Pero el símbolo de la cruz arraigó no solo en los cristianos españoles, sino desde Constantino I el Grande en toda la cristiandad. Conocida es la visión que tuvo este emperador romano, en la que se le anunció “In hoc signo vinces”, “Con este signo (de la cruz) vencerás”. Y así venció al emperador Majencio en la batalla del puente Milvio el año 312 de nuestra era. Convertido Constantino a la fe cristiana, promovió la cruz como símbolo de esta religión.
Años después, en el 326, fue hallada la supuesta cruz de Cristo por Elena de Constantinopla, madre de Constantino, en el lugar donde se alzaría una basílica. Digo supuesta, pues no por todos los historiadores y expertos es reconocida esta cruz como aquella en la que fue crucificado Jesús en el monte Gólgota.
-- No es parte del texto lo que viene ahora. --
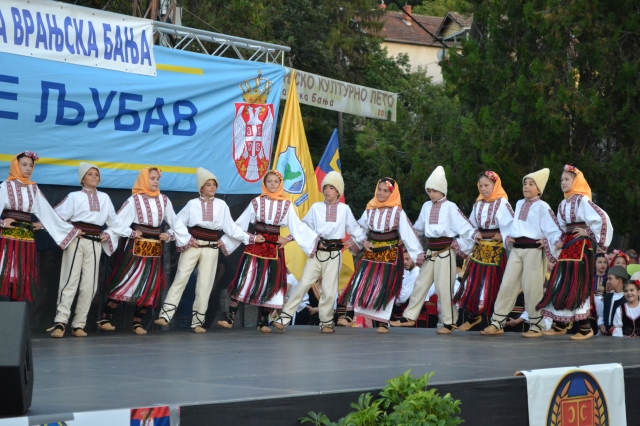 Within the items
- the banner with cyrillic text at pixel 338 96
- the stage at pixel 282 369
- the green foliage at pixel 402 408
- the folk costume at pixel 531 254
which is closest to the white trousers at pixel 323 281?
the stage at pixel 282 369

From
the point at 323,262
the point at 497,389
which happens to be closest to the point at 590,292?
the point at 323,262

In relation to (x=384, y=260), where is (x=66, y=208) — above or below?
above

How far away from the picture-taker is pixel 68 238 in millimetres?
7672

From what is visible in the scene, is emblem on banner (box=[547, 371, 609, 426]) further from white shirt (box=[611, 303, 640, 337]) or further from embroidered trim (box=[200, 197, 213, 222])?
embroidered trim (box=[200, 197, 213, 222])

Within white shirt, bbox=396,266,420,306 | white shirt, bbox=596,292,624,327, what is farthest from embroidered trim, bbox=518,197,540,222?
white shirt, bbox=396,266,420,306

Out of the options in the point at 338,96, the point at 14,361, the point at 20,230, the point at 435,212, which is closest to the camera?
the point at 14,361

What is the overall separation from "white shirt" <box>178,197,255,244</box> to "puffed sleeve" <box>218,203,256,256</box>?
70 millimetres

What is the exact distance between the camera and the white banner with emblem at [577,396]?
507 centimetres

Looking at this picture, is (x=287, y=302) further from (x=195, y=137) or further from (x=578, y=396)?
(x=578, y=396)

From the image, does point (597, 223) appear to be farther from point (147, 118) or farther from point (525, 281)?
point (147, 118)

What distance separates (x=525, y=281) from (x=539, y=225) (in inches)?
19.0

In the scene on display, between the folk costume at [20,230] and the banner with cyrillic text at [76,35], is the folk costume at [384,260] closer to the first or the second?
the banner with cyrillic text at [76,35]

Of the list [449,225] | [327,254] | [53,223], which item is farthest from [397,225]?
[53,223]

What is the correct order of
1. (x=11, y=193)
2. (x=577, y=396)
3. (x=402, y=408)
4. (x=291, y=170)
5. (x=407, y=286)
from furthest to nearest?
(x=407, y=286) → (x=291, y=170) → (x=11, y=193) → (x=577, y=396) → (x=402, y=408) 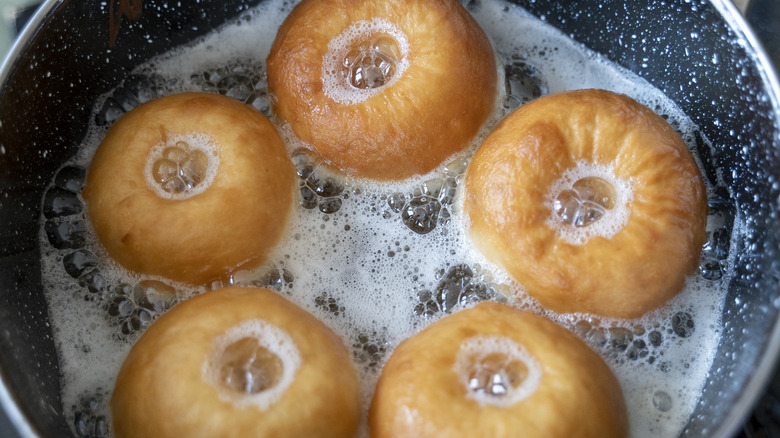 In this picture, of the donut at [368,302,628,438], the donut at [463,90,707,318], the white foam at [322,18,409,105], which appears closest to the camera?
the donut at [368,302,628,438]

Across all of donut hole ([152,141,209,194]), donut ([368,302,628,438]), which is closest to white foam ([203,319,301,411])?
donut ([368,302,628,438])

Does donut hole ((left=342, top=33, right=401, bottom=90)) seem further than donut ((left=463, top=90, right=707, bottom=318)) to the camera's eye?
Yes

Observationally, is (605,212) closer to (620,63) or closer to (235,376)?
(620,63)

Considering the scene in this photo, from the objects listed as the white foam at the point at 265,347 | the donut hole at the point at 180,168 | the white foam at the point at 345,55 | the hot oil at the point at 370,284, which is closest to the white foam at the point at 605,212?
the hot oil at the point at 370,284

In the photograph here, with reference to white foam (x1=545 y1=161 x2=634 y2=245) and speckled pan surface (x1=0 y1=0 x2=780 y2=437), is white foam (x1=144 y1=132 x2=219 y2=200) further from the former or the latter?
white foam (x1=545 y1=161 x2=634 y2=245)

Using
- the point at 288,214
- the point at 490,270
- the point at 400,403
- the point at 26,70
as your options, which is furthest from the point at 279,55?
the point at 400,403

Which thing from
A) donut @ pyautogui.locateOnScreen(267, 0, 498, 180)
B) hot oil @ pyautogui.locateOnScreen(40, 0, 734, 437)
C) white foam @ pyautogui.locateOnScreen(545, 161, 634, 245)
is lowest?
hot oil @ pyautogui.locateOnScreen(40, 0, 734, 437) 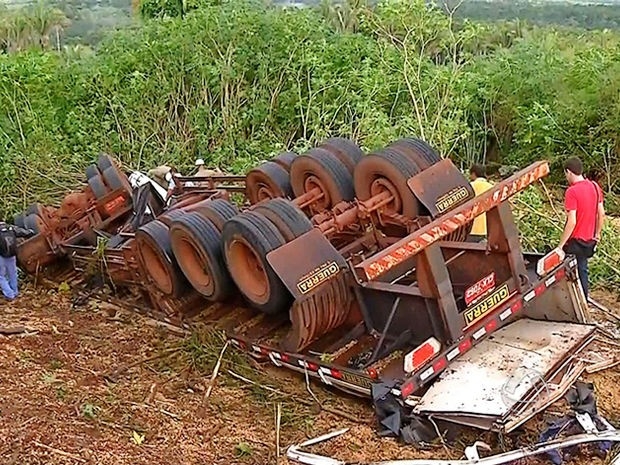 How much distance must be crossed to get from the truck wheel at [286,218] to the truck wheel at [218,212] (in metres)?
0.55

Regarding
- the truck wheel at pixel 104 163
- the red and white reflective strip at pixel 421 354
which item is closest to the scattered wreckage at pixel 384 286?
the red and white reflective strip at pixel 421 354

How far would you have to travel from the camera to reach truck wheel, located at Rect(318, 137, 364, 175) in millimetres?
7293

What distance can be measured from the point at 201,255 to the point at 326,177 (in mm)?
1364

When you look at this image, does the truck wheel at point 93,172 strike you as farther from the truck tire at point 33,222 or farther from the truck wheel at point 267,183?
the truck wheel at point 267,183

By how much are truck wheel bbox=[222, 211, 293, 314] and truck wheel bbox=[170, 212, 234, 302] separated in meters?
0.20

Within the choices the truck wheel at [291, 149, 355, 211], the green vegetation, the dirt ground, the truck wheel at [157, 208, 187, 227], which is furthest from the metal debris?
the green vegetation

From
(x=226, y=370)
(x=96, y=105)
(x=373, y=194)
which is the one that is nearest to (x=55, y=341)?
(x=226, y=370)

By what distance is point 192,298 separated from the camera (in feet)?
22.7

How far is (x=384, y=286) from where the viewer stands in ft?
18.6

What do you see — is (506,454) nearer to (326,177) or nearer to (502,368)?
(502,368)

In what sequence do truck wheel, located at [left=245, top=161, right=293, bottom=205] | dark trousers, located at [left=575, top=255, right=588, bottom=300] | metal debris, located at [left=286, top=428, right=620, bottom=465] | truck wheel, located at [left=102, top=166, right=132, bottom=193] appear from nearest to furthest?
metal debris, located at [left=286, top=428, right=620, bottom=465], dark trousers, located at [left=575, top=255, right=588, bottom=300], truck wheel, located at [left=245, top=161, right=293, bottom=205], truck wheel, located at [left=102, top=166, right=132, bottom=193]

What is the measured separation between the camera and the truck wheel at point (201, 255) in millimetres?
6391

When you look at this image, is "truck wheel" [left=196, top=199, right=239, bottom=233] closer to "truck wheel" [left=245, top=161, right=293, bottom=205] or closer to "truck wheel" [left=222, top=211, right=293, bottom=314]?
"truck wheel" [left=222, top=211, right=293, bottom=314]

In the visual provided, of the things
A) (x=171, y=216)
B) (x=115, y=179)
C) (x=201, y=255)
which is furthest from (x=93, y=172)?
(x=201, y=255) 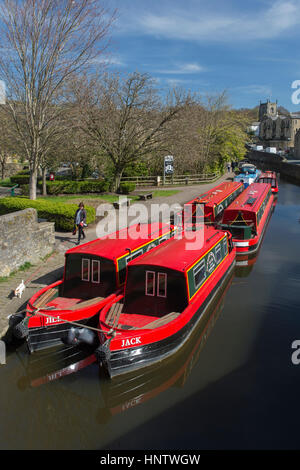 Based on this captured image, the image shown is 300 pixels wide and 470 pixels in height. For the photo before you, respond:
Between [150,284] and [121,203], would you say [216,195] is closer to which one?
[121,203]

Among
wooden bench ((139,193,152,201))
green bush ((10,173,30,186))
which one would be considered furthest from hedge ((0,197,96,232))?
green bush ((10,173,30,186))

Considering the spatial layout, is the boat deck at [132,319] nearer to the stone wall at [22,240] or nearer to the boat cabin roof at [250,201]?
the stone wall at [22,240]

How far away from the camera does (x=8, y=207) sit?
712 inches

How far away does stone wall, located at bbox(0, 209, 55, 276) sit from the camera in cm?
1324

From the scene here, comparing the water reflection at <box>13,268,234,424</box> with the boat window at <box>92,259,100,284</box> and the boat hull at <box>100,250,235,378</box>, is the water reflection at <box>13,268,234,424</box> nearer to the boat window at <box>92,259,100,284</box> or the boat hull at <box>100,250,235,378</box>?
the boat hull at <box>100,250,235,378</box>

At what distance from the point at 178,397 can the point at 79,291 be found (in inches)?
176

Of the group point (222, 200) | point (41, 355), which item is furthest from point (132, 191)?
point (41, 355)

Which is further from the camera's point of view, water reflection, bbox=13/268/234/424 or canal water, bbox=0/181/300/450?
water reflection, bbox=13/268/234/424

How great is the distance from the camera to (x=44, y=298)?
424 inches

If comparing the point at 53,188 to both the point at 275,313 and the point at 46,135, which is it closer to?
the point at 46,135

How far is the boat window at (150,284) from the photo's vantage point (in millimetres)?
10373

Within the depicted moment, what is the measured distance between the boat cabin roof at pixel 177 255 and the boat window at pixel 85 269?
146 centimetres

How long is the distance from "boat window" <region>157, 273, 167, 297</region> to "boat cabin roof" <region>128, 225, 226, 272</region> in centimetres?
31

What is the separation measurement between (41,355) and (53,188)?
78.3 feet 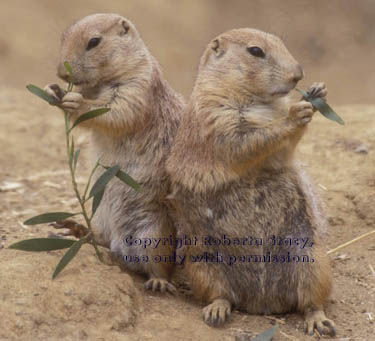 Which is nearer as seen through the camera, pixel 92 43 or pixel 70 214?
pixel 70 214

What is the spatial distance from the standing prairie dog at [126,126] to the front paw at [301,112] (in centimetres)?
107

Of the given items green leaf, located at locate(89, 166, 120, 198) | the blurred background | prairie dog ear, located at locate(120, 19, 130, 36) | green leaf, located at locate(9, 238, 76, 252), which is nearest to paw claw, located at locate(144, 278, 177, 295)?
green leaf, located at locate(9, 238, 76, 252)

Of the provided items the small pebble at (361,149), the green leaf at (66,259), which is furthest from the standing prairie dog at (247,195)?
the small pebble at (361,149)

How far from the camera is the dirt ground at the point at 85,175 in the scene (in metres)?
3.44

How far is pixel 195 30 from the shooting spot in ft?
40.8

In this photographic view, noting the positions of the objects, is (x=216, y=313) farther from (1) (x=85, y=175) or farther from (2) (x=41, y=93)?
(1) (x=85, y=175)

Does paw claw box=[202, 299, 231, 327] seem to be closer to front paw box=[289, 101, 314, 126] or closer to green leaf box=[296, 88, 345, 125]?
front paw box=[289, 101, 314, 126]

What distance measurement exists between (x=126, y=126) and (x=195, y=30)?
28.2ft

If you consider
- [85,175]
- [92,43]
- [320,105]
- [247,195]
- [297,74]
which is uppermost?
[92,43]

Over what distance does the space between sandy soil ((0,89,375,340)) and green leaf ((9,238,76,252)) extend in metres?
0.08

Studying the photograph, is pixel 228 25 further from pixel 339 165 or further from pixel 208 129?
pixel 208 129

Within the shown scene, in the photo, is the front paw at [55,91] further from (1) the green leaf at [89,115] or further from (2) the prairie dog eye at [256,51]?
(2) the prairie dog eye at [256,51]

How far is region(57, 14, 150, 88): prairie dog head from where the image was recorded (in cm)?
416

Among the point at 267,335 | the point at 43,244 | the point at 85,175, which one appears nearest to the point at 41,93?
the point at 43,244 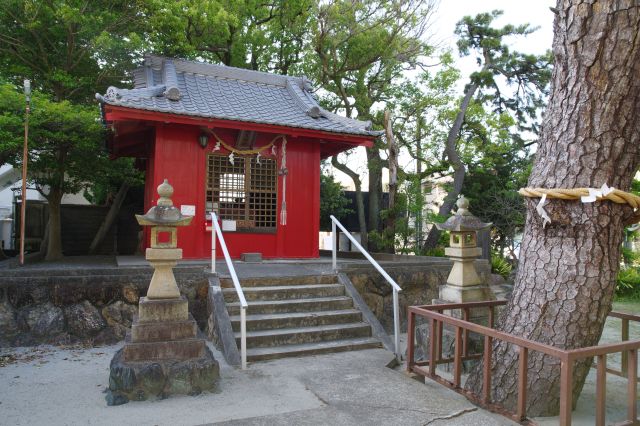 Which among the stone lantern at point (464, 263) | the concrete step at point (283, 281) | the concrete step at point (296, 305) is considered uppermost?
the stone lantern at point (464, 263)

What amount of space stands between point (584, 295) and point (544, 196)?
0.88 meters

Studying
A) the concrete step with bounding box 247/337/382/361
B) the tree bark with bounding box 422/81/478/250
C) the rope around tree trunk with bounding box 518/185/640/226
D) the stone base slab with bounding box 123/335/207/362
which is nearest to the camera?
the rope around tree trunk with bounding box 518/185/640/226

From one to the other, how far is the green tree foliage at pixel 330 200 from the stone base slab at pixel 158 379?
32.4 ft

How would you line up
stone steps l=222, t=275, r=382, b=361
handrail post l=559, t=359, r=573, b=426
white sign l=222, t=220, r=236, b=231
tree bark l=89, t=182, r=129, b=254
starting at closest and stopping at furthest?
handrail post l=559, t=359, r=573, b=426 < stone steps l=222, t=275, r=382, b=361 < white sign l=222, t=220, r=236, b=231 < tree bark l=89, t=182, r=129, b=254

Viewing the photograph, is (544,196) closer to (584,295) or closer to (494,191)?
(584,295)

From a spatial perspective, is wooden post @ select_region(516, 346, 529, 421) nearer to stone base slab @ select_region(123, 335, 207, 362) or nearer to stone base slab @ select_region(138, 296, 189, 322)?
stone base slab @ select_region(123, 335, 207, 362)

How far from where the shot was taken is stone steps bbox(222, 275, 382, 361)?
5508 mm

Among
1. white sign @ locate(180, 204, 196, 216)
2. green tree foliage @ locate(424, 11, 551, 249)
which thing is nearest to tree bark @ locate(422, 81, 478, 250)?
green tree foliage @ locate(424, 11, 551, 249)

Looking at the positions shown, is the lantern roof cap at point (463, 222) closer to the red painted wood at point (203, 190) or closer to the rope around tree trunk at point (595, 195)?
the rope around tree trunk at point (595, 195)

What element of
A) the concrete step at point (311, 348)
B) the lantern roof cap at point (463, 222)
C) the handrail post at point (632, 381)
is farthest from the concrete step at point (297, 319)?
the handrail post at point (632, 381)

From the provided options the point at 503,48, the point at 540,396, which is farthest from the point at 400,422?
the point at 503,48

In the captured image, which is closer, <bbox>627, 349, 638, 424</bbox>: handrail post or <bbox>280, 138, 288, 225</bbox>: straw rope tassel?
<bbox>627, 349, 638, 424</bbox>: handrail post

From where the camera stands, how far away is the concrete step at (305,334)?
5469mm

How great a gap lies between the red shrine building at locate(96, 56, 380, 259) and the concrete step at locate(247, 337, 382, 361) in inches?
144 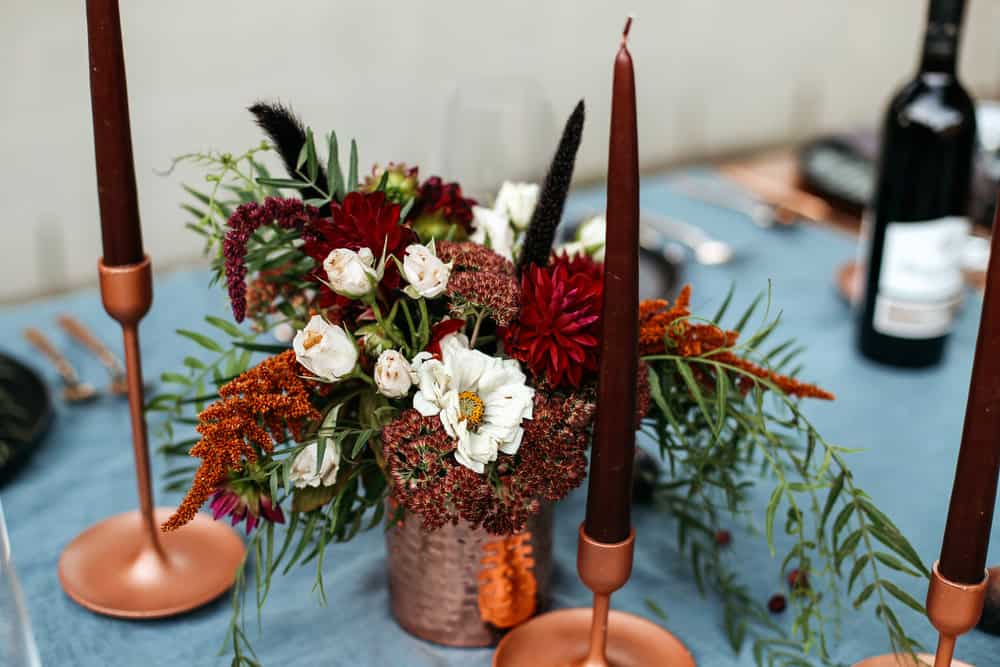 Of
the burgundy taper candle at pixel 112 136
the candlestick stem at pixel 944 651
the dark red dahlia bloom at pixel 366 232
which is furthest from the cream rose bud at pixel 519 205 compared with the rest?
the candlestick stem at pixel 944 651

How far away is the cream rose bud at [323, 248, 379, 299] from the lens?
503 mm

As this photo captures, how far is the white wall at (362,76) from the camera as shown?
3.92ft

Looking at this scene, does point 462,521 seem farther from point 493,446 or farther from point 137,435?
point 137,435

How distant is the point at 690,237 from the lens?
1.24 meters

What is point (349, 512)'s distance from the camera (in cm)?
59

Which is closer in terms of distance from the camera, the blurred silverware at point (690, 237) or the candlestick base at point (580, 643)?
the candlestick base at point (580, 643)

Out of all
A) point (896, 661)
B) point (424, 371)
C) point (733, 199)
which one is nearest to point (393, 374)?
point (424, 371)

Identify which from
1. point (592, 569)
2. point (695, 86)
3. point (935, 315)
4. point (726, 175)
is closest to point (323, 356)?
point (592, 569)

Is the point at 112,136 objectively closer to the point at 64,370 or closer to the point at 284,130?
the point at 284,130

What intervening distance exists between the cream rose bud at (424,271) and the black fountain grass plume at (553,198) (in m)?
0.07

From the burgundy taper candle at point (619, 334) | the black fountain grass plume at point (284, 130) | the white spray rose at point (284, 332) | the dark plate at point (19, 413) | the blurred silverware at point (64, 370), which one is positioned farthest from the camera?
the blurred silverware at point (64, 370)

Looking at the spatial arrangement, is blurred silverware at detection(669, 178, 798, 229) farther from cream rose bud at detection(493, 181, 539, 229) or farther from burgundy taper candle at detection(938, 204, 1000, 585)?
burgundy taper candle at detection(938, 204, 1000, 585)

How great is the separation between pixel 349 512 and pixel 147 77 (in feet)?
2.76

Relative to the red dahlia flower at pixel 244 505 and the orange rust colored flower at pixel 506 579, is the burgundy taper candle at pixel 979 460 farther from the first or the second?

Hay también exegetas que, basándose en textos bíblicos, niegan que Jesucristo fuera ejecutado en una cruz, entendida como dos piezas de madera, una vertical más larga y otra horizontal más corta. Y sostienen que en las ejecuciones de la época en Palestina se utilizaba un madero sencillo, un poste que se hincaba en la tierra, y a él se ataba o clavaba a los delincuentes. Lo cual estaría en consonancia con pasajes de los Hechos de los Apóstoles, de la epístola de San Pablo a los Gálatas y de la Primera Carta de San Pedro, en los que se habla de “leño, garrote o palo”.
Sea de esta polémica lo que fuere, lo que no ofrece duda alguna es que el símbolo de la cruz ha predominado sobre cualquier otra imagen para identificar la fe cristiana. La cruz o el crucifijo presiden las iglesias y la celebración de la eucaristía. Hacemos la señal de la cruz, nos persignamos en numerosas ceremonias litúrgicas.
Se nos insiste, desde los Evangelios, desde todo el Nuevo Testamento y desde la predicación de la Iglesia, en que la religión cristiana es una creencia de vida. “Yo soy la resurrección y la vida”, le dice Jesús a Marta, hermana de Lázaro, antes de resucitar a este, como se nos relata en el Evangelio de Juan (11, 25).
La cruz, convertida en victoria de Jesús sobre la muerte, puede también significar la resurrección y la vida que proclama el mismo Jesús.